BEGIN

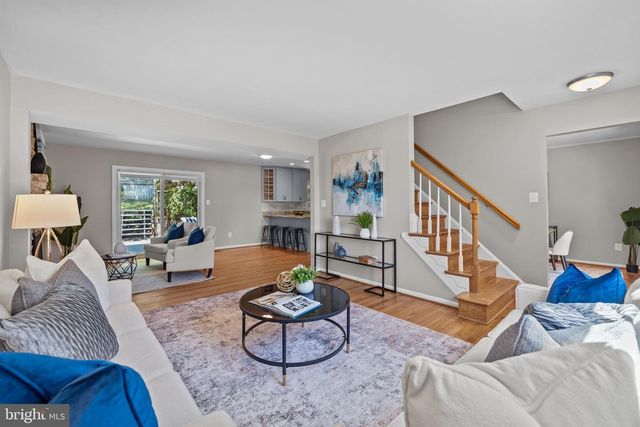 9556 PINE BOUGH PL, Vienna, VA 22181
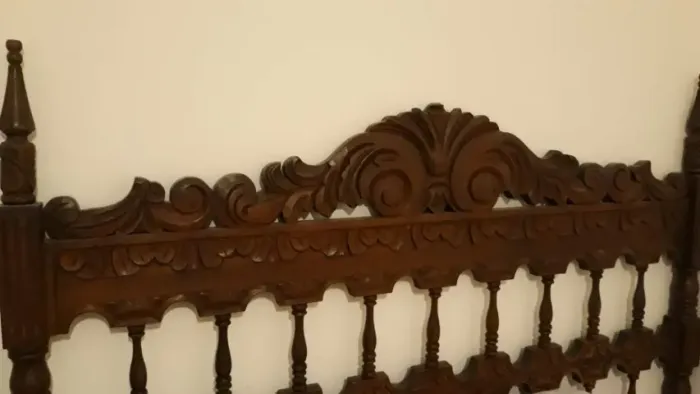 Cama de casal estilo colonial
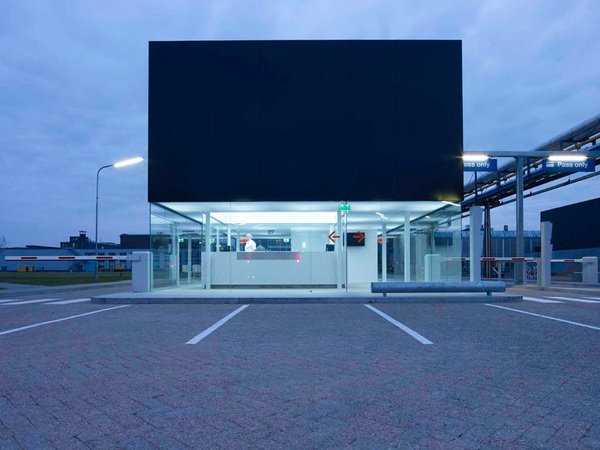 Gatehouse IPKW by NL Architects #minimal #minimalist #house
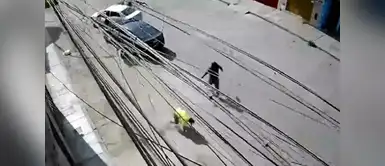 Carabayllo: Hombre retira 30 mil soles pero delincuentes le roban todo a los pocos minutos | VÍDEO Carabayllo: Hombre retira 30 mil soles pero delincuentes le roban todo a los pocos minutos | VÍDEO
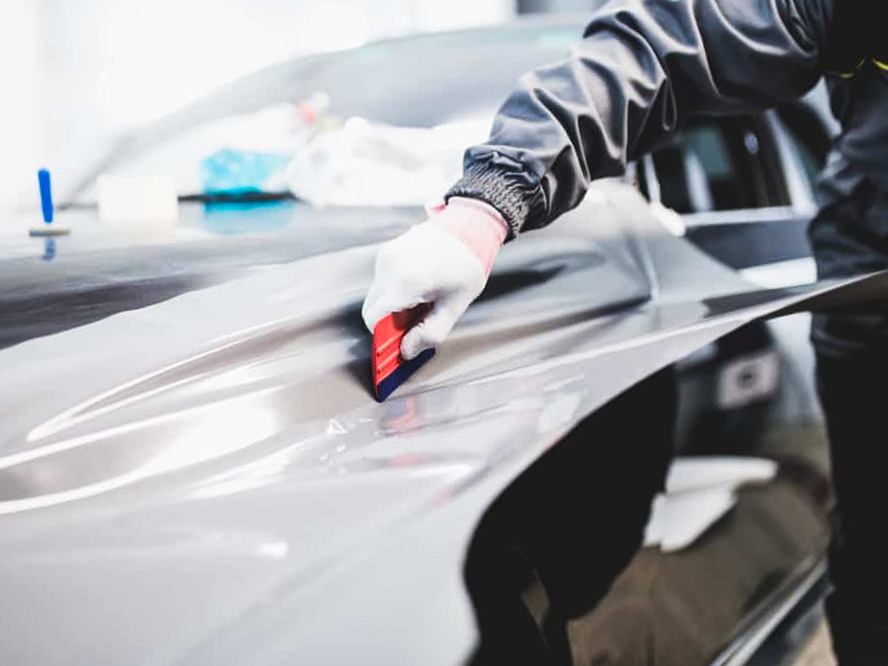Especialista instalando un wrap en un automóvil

END

#### Task instructions:
Skipping all images, output the listing exactly.

#### Output of the exercise:
 9556 PINE BOUGH PL, Vienna, VA 22181
 Cama de casal estilo colonial
 Gatehouse IPKW by NL Architects #minimal #minimalist #house
 Carabayllo: Hombre retira 30 mil soles pero delincuentes le roban todo a los pocos minutos | VÍDEO Carabayllo: Hombre retira 30 mil soles pero delincuentes le roban todo a los pocos minutos | VÍDEO
Especialista instalando un wrap en un automóvil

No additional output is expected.